Hat aber echt Spaß gemacht. 


			Dieser Inhalt steht nur eingeloggten Mitgliedern zur Verfügung.


----------



## duffdamn (25. August 2009)

ausserrdem hast du windmühle vergessen.. das ist die wohl lowste instanz mit höchstens 3 bosskämpfen^^
ich war das erste mal mit lvl 15 drin^^


----------



## Disturbedmind (22. September 2009)

Vangeee schrieb:


> Ja stimmt die Instanz "Arkane Kammer von sathkur" is net zu verachten. Die Elite auf dem Weg zum Boss sind zwar nich so derBurner aber der Boss is schon ganz schön. Besonders das Spielchen das man mit ihm spielen muss. Der einzige Nachteil bzw. Vorteil das diese Ini nich jeder annehmen kann. Soviel ich weiß nur bestimmte Char.

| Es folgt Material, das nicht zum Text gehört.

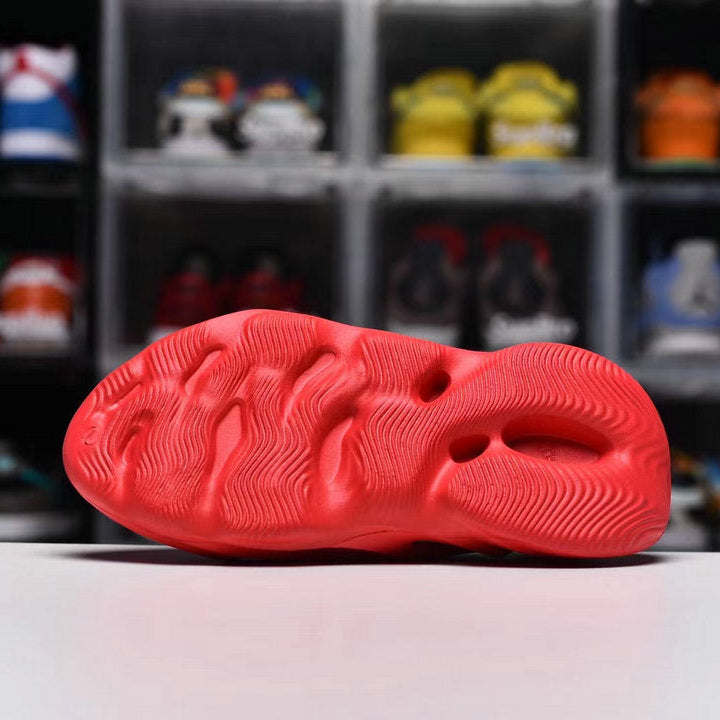 Yeezy Foam Runner Red - HYPER LIST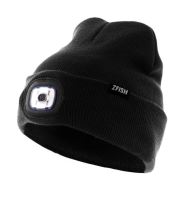 ZFISH Mütze Light Beanie Schwarz ZFISH Mütze Light Beanie Schwarz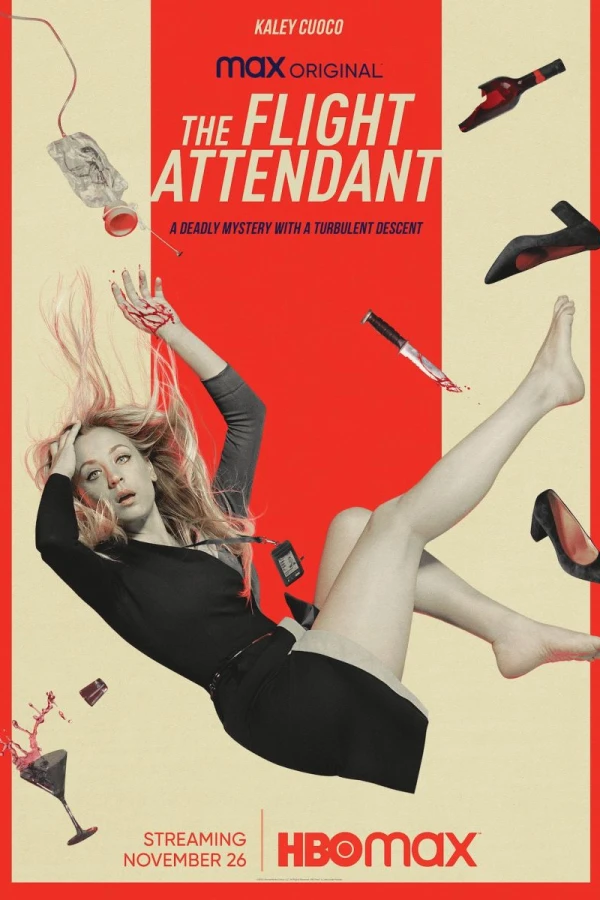 The Flight Attendant Juliste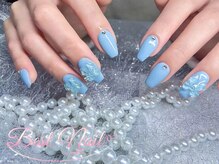 ベストネイル 大宮東口店(Best Nail)/ベイビーアオ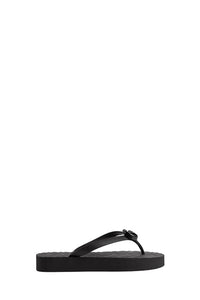 Black Sandals - Black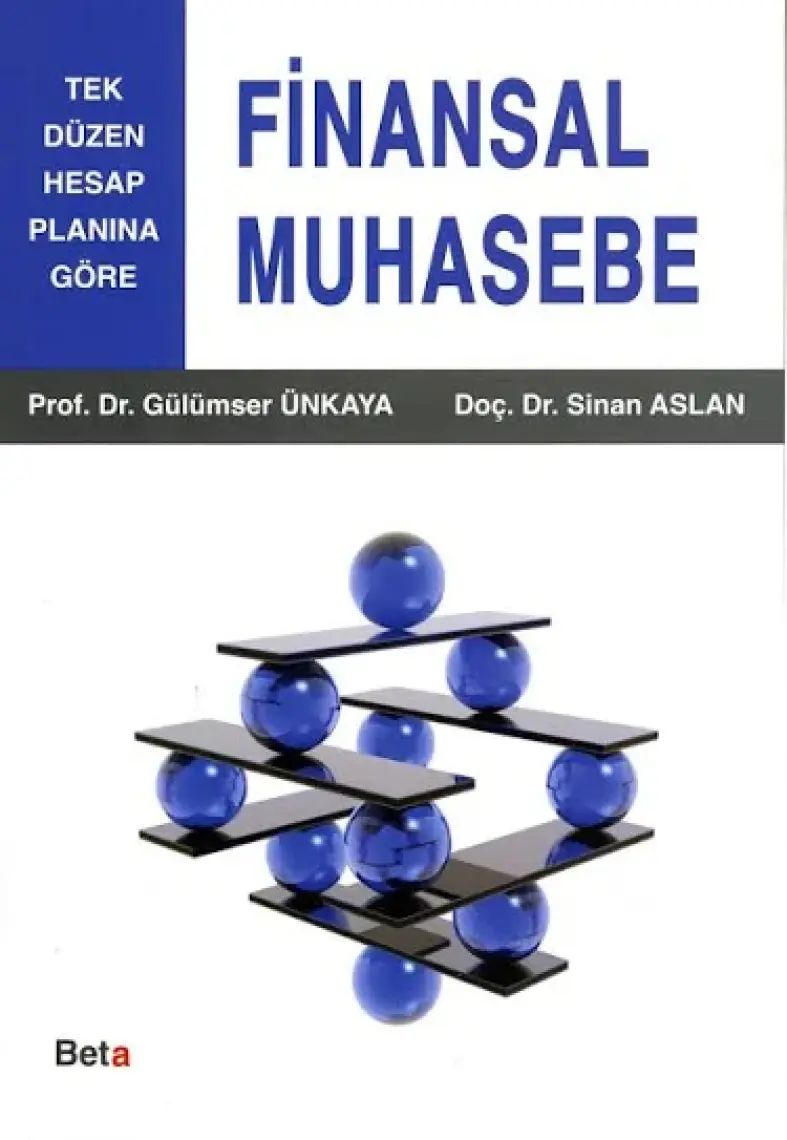Finansal Muhasebe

Sonst öffnet sich das Bosstor net.
> Hat aber echt Spaß gemacht.
> 
> 
> Dieser Inhalt steht nur eingeloggten Mitgliedern zur Verfügung.




Soweit ich weiß must du nur ne seeehr nervige da sehr lange Vorquest absolvieren dann kommst du zu dem Endboss.
Ohne die Vorquest bleibt die Tür zu...^^
Ansonsten gibt es für dieses Level ganz gute Leder Items, glaub auch Sets...


----------



## Shakrax (24. März 2010)

Kann ich mit meinem Priester lvl 32 an WindWild mit machen ??
Wo ist das denn und wie kann man da denn mit machen ??
Wäre nett wenn mir jemand helfen kann


----------



## Fireofwar (27. Mai 2010)

duffdamn schrieb:


> ausserrdem hast du windmühle vergessen.. das ist die wohl lowste instanz mit höchstens 3 bosskämpfen^^
> ich war das erste mal mit lvl 15 drin^^


Wenn man Karge Höhlen Und Höhle der Prüfungen als inis zählt sind die noch einfacher 
ca lvl 10 (oder so)

Gruß Fire


----------